Zero and One-dimensional Probes with N=8 Supersymmetry

TL;DR

This paper analyzes the symmetry structure of N=8 quantum mechanics related to D0-brane probes in type I' string theory, resolving supersymmetry puzzles and exploring implications for string theory and M theory.

Contribution

It clarifies how supersymmetry is preserved in N=8 quantum mechanics with gauge constraints and central charges, providing insights into D0-brane dynamics and matrix models.

Findings

Supersymmetry is preserved despite boson-fermion imbalance.

Zero-point energy results in a linear potential consistent with supersymmetry.

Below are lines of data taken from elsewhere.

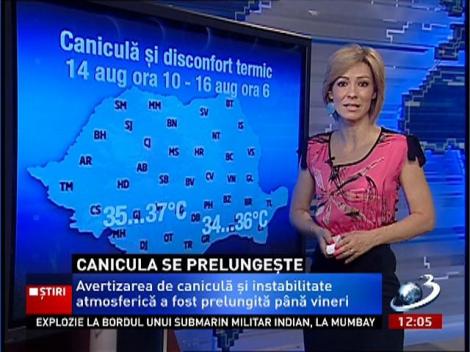 Avertizarea de caniculă se prelungește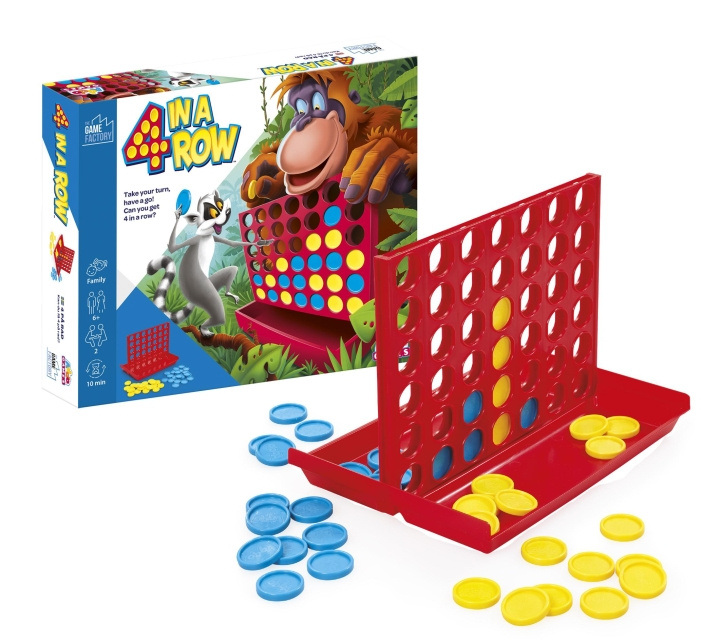 The Game Factory 4 in a Row (207004) in the group TOYS, KIDS & BABY PRODUCTS / Games / Board games at TP E-commerce Nordic AB (C87165)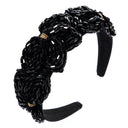 High Quality Hair Hoop Ladies Hand-String Crystal Flower Shape Super Flash Wide-Brimmed Head Hoop Fashion Trendy Hair Press - V.I.P Digital Presence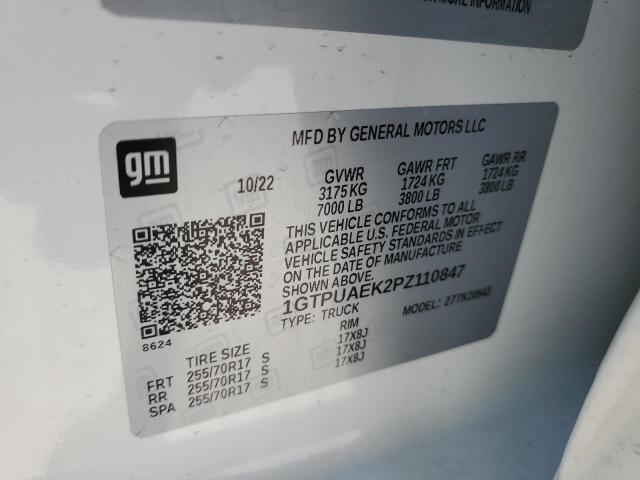 1GTPUAEK2PZ110847 GMC Sierra K1500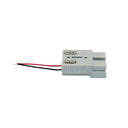 KickAss Products50A Grey Anderson Style Quick Screw Connector with Red LED LightTVUSCHEU50G2B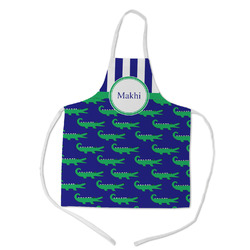 Alligators & Stripes Kid's Apron - Medium (Personalized)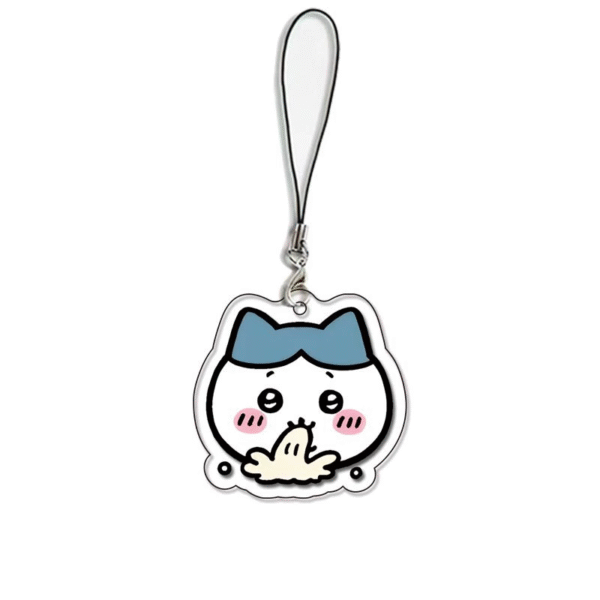 19304 Chiikawa Acrylic Phone Straps Key Chains price for 5 pcs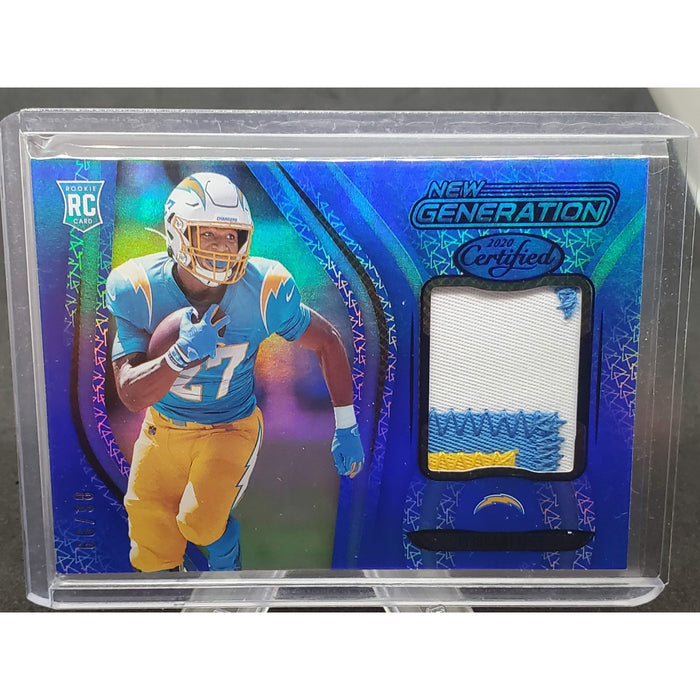 2020 Panini Certified - New Generation Jerseys Mirror Joshua Kelley #40 Blue /99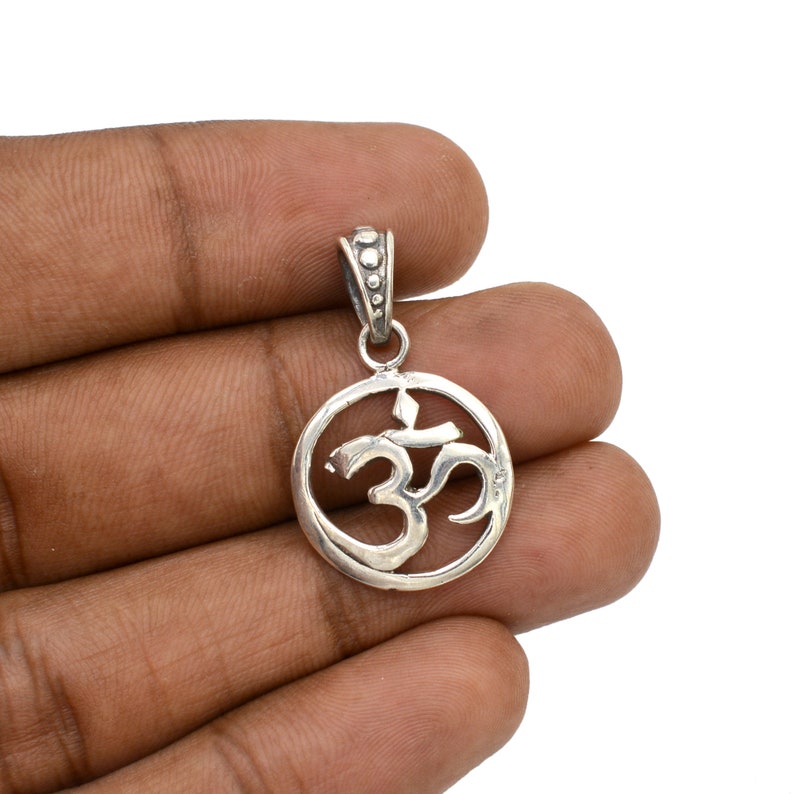 925 Solid Sterling Silver Pendant Sterling Silver OM Pendant Etsy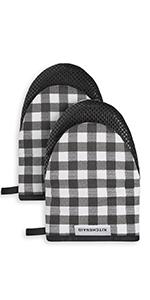 KITCHENAID Ribbed Soft Silicone Oven Mitt 2-Pack Set, 7.5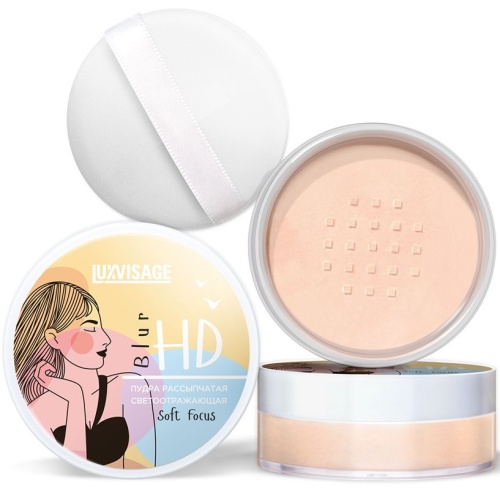 Пудра рассыпчатая светоотражающая LUXVISAGE HD Blur Soft Focus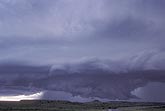 An HP high precipitation supercell with a wall cloud under the base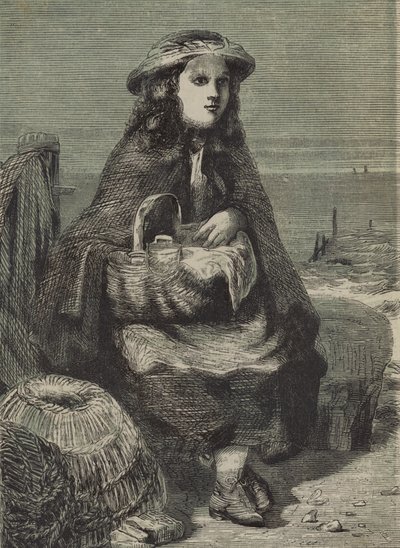 Maggie, a Filha do Pescador (gravura) de English School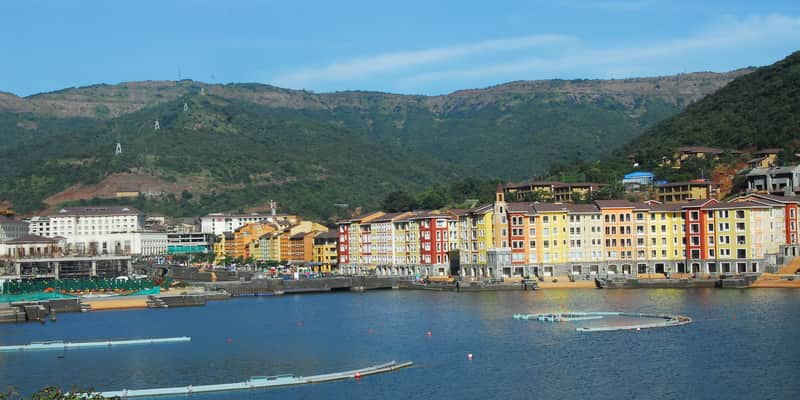 Beautiful lakeside view at Lavasa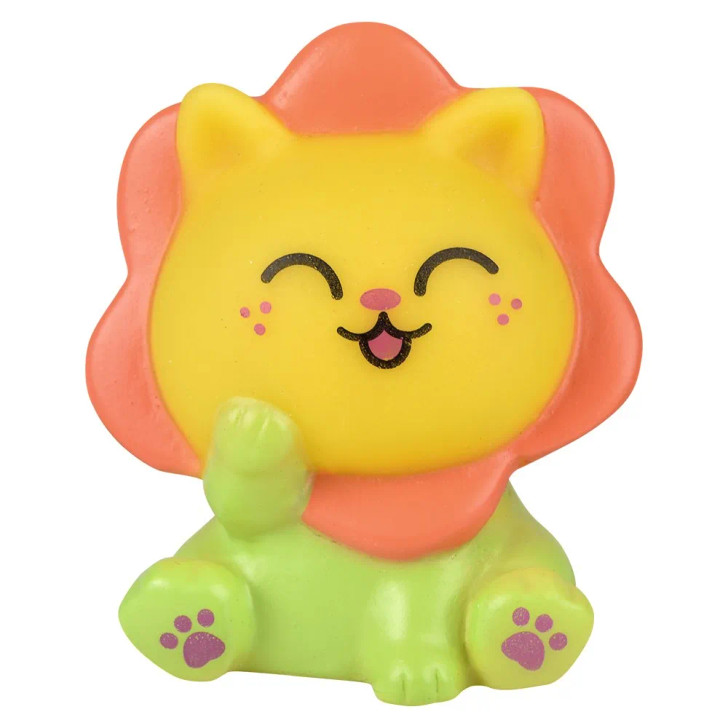 Rubber cat assortment 2" 500 pcs bulk toy gifts lion.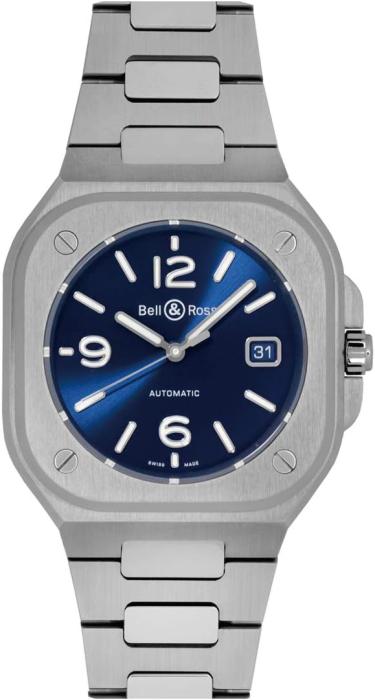 ベル＆ロス Bell＆Ross ブルースティール BR05 自動巻き デイト 腕時計 SS シルバー 未使用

The metric remains largely unconstrained by the analysis.

Abstract

We study the symmetry structure of N=8 quantum mechanics, and apply it to the physics of D0-brane probes in type I' string theory. We focus on the theory with a global $Spin(8)$ R symmetry which arises upon dimensional reduction from $2d$ field theory with $(0,8)$ supersymmetry. There are several puzzles involving supersymmetry which we resolve. In particular, by taking into account the gauge constraint and central charge we explain how the system preserves supersymmetry despite having different numbers of bosonic and fermionic variables. The resulting zero-point energy leads to a linear potential consistent with supersymmetry, and the metric is largely unconstrained. We discuss implications for type I' string theory and the matrix model proposal for M theory.